He nodded his head, wisely not speaking out loud.
'I have seen your faces in my visions,' remarked Jarulek. 'And in my visions of what is yet to come, your face is there, treacherous adept of the Machine-God. But I regret to inform you, bodyguard,' he said calmly, 'that yours is not. It would seem that your part in this venture is complete.'
The man stiffened, but did not raise his head.
'But you are not yet to be made a sacrifice to our gods. No, you are not yet worthy of that honour,' said Jarulek in his velvet voice. 'Take him down to the atrium to join the slave gangs. He can spend the last weeks of his life in service to the gods, aiding the construction of the Gehemehnet.' The man was dragged away.

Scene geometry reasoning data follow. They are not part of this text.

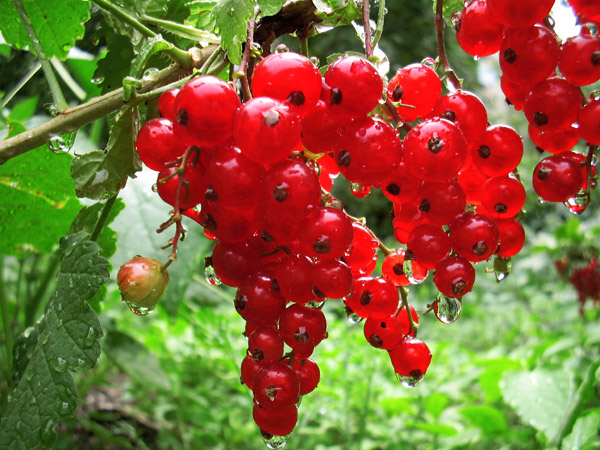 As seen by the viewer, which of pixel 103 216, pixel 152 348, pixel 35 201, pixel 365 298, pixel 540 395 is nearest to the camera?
pixel 365 298

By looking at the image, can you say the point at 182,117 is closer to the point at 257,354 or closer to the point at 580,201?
the point at 257,354

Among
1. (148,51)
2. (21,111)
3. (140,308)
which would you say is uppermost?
(21,111)

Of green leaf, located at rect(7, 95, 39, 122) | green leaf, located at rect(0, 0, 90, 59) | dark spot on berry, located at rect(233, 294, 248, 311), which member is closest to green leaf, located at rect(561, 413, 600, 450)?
dark spot on berry, located at rect(233, 294, 248, 311)

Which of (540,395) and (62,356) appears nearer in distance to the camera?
(62,356)

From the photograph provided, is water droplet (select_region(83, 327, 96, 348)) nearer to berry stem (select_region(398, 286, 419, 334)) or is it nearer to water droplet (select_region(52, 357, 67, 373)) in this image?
water droplet (select_region(52, 357, 67, 373))

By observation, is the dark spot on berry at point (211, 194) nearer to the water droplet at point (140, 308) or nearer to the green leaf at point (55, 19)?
the water droplet at point (140, 308)

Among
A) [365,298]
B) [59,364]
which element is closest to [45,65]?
[59,364] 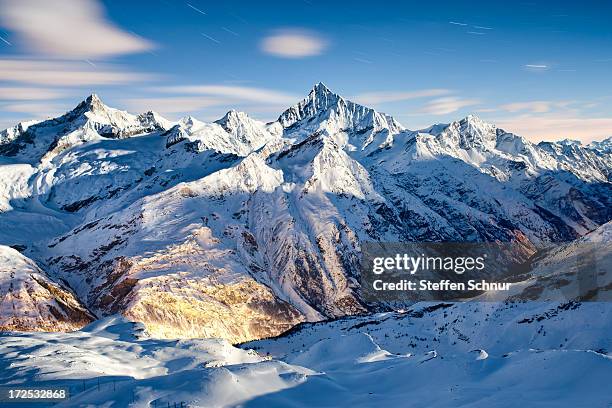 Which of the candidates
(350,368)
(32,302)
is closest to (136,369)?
(350,368)

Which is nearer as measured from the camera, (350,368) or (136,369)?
(136,369)

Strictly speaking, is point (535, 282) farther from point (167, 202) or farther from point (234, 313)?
point (167, 202)

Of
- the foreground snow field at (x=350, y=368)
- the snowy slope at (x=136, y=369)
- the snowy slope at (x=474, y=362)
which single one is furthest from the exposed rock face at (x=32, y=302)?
the snowy slope at (x=474, y=362)

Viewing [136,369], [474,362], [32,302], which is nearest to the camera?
[474,362]

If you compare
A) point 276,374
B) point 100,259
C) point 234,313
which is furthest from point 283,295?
point 276,374

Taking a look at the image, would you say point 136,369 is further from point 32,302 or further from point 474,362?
→ point 32,302

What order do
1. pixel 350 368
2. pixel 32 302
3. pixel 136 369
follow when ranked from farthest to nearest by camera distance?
pixel 32 302 < pixel 350 368 < pixel 136 369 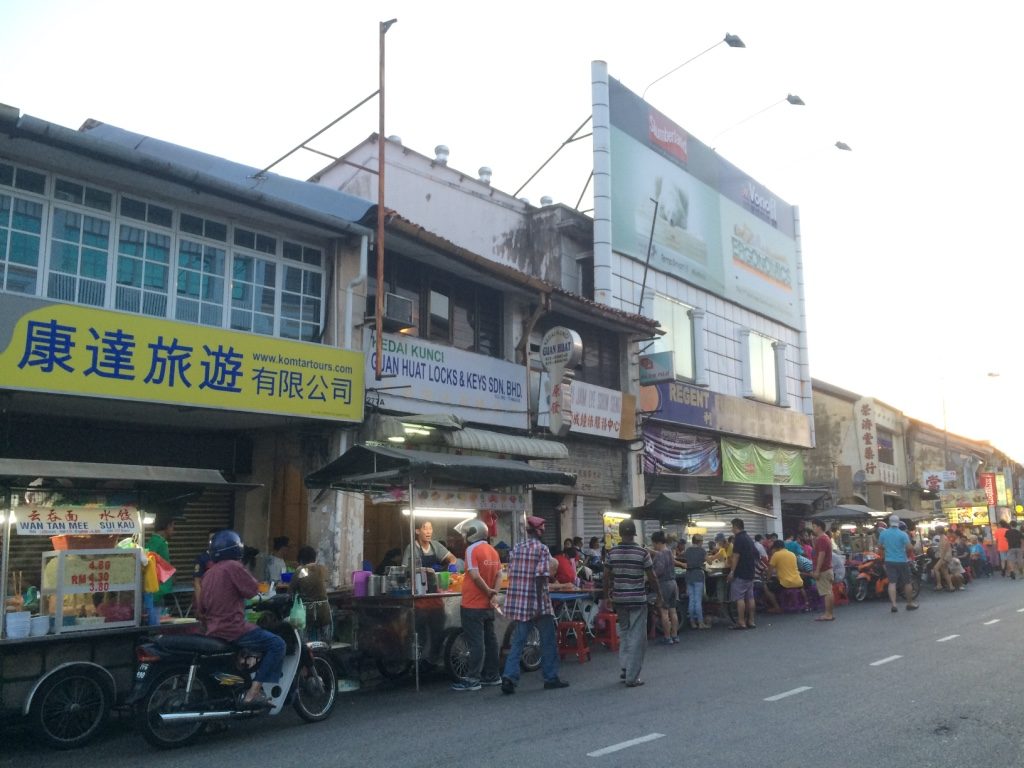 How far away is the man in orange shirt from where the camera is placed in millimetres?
9906

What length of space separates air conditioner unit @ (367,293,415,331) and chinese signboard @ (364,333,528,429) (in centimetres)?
21

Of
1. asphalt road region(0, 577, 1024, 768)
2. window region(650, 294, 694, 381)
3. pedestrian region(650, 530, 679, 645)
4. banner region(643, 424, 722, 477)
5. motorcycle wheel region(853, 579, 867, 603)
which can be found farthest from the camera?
window region(650, 294, 694, 381)

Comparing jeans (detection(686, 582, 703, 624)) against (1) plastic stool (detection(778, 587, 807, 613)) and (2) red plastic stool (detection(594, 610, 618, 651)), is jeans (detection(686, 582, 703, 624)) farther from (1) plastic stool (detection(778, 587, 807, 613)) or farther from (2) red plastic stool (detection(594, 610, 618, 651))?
(1) plastic stool (detection(778, 587, 807, 613))

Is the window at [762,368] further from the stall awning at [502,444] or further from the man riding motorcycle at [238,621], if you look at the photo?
the man riding motorcycle at [238,621]

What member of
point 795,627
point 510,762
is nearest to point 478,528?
point 510,762

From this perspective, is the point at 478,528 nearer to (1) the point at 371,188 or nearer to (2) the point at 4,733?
(2) the point at 4,733

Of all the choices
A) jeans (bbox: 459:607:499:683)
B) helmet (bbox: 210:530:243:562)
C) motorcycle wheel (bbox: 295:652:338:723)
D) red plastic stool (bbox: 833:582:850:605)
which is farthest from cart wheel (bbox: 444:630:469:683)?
red plastic stool (bbox: 833:582:850:605)

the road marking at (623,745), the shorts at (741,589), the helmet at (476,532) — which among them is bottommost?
the road marking at (623,745)

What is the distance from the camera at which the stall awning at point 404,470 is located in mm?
10609

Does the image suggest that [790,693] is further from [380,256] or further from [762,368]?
[762,368]

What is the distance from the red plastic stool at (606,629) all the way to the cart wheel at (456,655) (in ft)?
11.2

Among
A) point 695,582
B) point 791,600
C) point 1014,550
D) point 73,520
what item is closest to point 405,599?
point 73,520

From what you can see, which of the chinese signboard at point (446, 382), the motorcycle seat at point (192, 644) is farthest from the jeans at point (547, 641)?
the chinese signboard at point (446, 382)

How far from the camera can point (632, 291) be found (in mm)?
22359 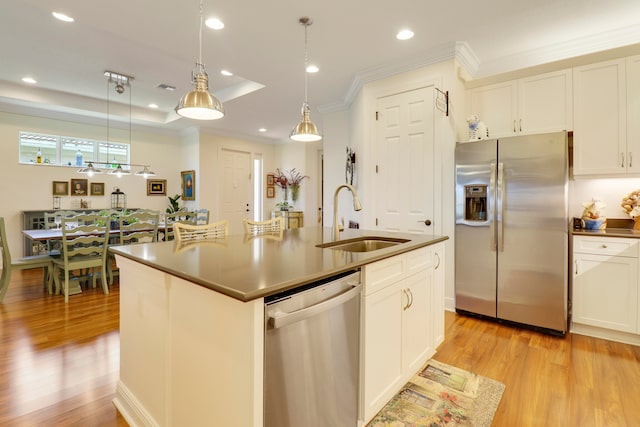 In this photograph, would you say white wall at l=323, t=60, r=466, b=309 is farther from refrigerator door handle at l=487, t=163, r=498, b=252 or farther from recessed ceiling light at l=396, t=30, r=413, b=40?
recessed ceiling light at l=396, t=30, r=413, b=40

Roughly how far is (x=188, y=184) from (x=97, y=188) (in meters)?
1.65

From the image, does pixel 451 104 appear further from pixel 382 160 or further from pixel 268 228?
pixel 268 228

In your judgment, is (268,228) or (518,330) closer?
(518,330)

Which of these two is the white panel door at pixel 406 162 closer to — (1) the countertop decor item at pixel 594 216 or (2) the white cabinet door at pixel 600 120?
(2) the white cabinet door at pixel 600 120

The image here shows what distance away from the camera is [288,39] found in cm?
297

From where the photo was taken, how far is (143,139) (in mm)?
6535

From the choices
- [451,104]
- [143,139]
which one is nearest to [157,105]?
[143,139]

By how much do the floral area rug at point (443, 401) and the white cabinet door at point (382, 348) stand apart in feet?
0.34

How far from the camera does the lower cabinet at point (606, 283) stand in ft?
8.31

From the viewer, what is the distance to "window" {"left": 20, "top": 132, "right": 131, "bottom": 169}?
Result: 17.3 ft

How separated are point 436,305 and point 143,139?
6639 mm

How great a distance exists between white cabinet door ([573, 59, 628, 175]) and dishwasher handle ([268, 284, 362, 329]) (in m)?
2.85

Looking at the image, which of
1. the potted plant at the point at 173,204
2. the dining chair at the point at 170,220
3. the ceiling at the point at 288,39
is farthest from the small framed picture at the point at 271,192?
the ceiling at the point at 288,39

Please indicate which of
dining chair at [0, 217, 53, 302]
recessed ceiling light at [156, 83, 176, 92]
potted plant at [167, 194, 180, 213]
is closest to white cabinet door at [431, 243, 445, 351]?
dining chair at [0, 217, 53, 302]
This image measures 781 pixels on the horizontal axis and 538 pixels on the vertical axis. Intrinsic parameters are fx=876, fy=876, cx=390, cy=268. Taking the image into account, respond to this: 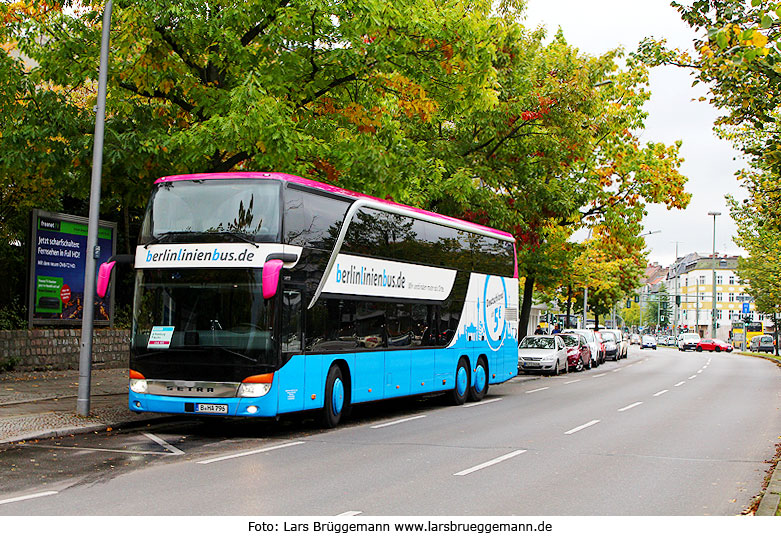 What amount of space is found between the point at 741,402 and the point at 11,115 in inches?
694

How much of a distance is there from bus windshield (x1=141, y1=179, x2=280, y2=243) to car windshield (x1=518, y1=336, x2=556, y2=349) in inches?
904

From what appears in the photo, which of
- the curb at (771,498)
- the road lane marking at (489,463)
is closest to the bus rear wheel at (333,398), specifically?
the road lane marking at (489,463)

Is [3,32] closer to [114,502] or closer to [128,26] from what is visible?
[128,26]

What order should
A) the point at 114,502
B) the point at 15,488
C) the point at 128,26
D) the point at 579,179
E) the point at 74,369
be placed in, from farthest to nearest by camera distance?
the point at 579,179 → the point at 74,369 → the point at 128,26 → the point at 15,488 → the point at 114,502

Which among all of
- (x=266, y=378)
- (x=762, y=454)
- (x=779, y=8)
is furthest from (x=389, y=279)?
(x=779, y=8)

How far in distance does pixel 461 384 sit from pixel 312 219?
25.0 feet

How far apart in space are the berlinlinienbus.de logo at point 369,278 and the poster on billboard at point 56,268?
9.98 metres

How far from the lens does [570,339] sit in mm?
38781

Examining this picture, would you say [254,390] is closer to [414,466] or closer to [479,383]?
[414,466]

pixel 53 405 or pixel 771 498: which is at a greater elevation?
pixel 771 498

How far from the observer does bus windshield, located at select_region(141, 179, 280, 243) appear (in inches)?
520

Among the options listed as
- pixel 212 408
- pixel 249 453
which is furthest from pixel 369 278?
pixel 249 453

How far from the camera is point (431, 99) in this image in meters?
18.9

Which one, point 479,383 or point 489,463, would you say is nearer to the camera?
point 489,463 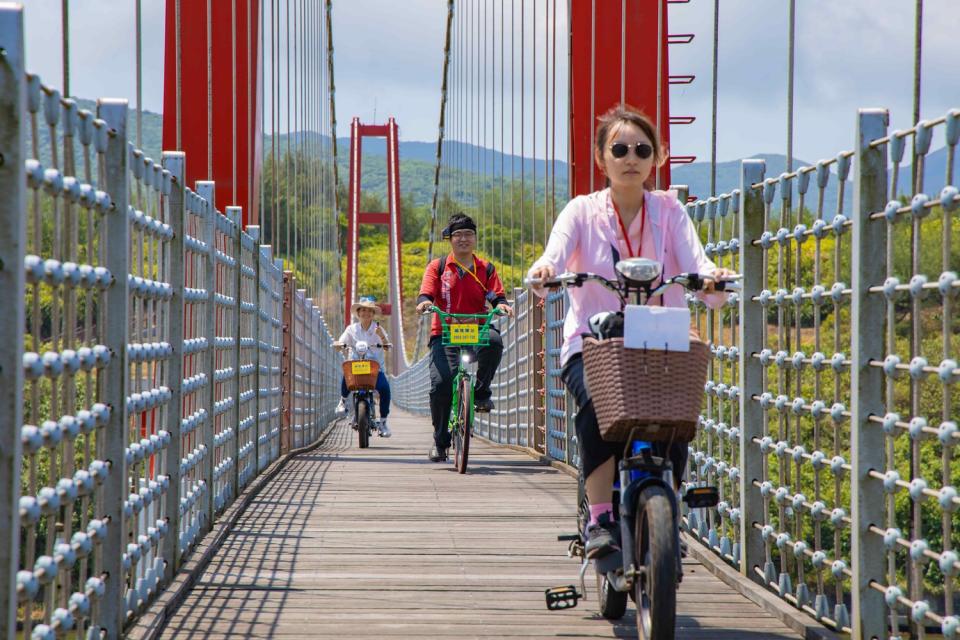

'You, administrator, you are to stay close to me. But first, you must remove that abomination that you wear upon your breast,' said Jarulek, pointing at the twelve toothed cog upon his chest. The man instantly removed the metal plate from around his neck and held it in his hands, not sure what he was meant to do with it now that it was removed.
'First Acolyte, take the accursed thing and see that you perform the Rituals of Defilement upon it,' said Jarulek. Marduk took the metal emblem, his face curled in disgust.
'It is no god, you know, that your erstwhile brethren pray to,' remarked Jarulek conversationally.
'My… my lord?' questioned the administrator. Marduk paused as he was turning to leave, a snarl on his face for the man daring to speak in the presence of the Dark Apostle. Jarulek raised a hand to halt the blow that Marduk was about to deal the cowering man.
'They are coming, you know, coming here, your erstwhile brethren,' said Jarulek, almost to himself, seeing the waking vision as it overlapped with his surroundings. 'Yes, they come soon. They fear that we will succeed where they failed.'
Jarulek came out of the vision, and saw that Marduk had paused, looking at him. That one's power is growing, he thought.
It was sometimes possible for one of powerful faith to experience, albeit considerably weakly, the visions that another experienced. How much had he seen? he wondered briefly, before discarding the thought.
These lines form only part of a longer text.